Records from a dataset:
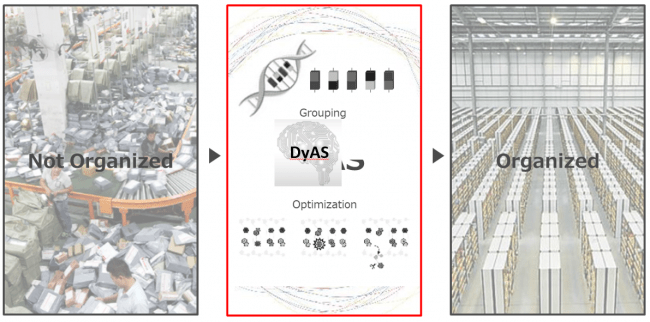 『DyAS』のイメージ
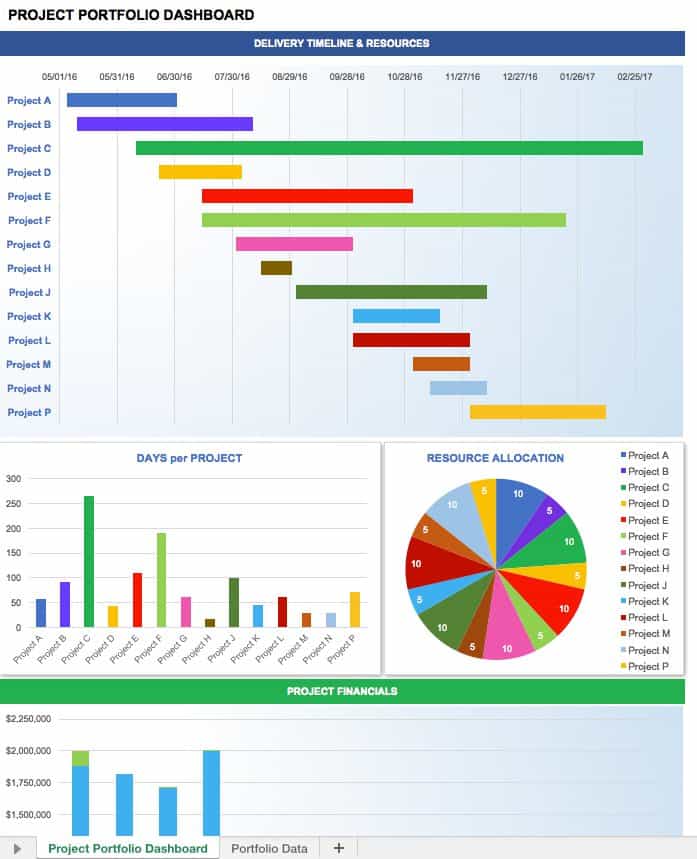 Temp_DashboardProjectPortfolio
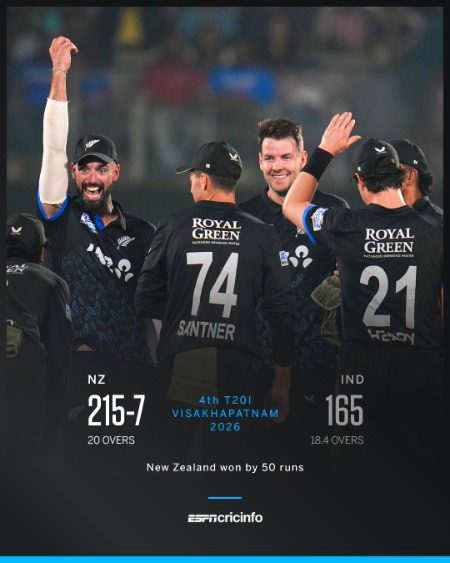 Interesting Posts image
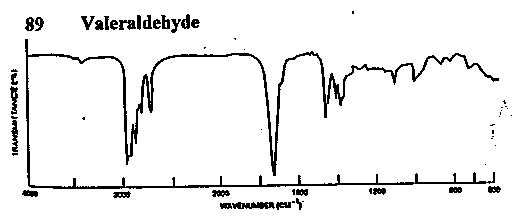 valeric aldehyde
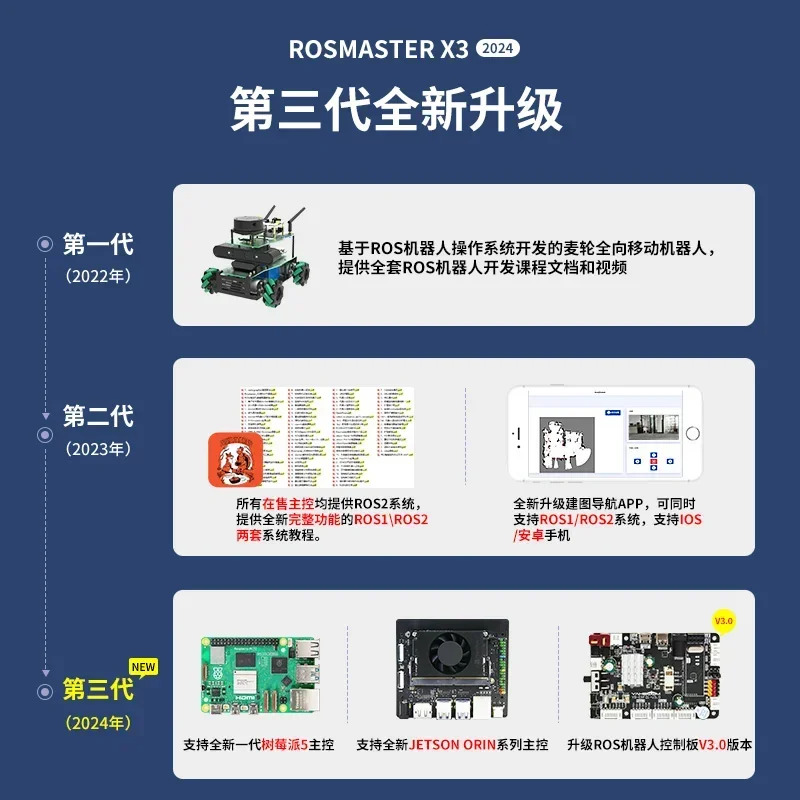 ROS2 SLAM 밀 바퀴 무자동차 매핑 내비게이션 JETSON NANO Raspberry Pi 5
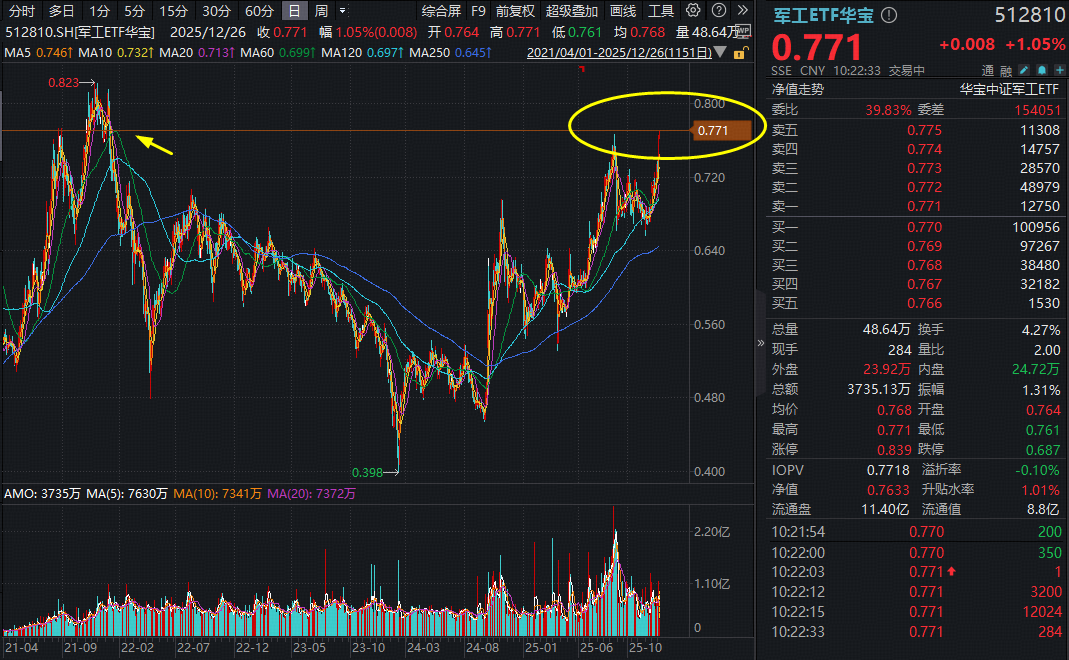 ETF盘中资讯|成功突破！军工ETF华宝（512810）创逾3年新高！商业航天概念继续助攻，航天发展涨停，铂力特历史新高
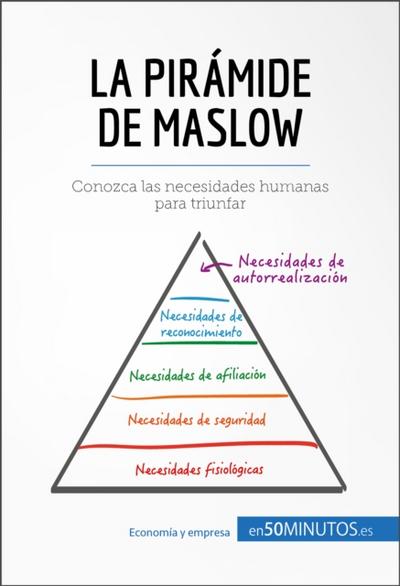 La pirámide de Maslow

▶ Task goal: For this exercise, please reproduce the records above exactly and drop the images.

▶ Solution to this task:
 『DyAS』のイメージ
 Temp_DashboardProjectPortfolio
 Interesting Posts image
 valeric aldehyde
 ROS2 SLAM 밀 바퀴 무자동차 매핑 내비게이션 JETSON NANO Raspberry Pi 5
 ETF盘中资讯|成功突破！军工ETF华宝（512810）创逾3年新高！商业航天概念继续助攻，航天发展涨停，铂力特历史新高
 La pirámide de Maslow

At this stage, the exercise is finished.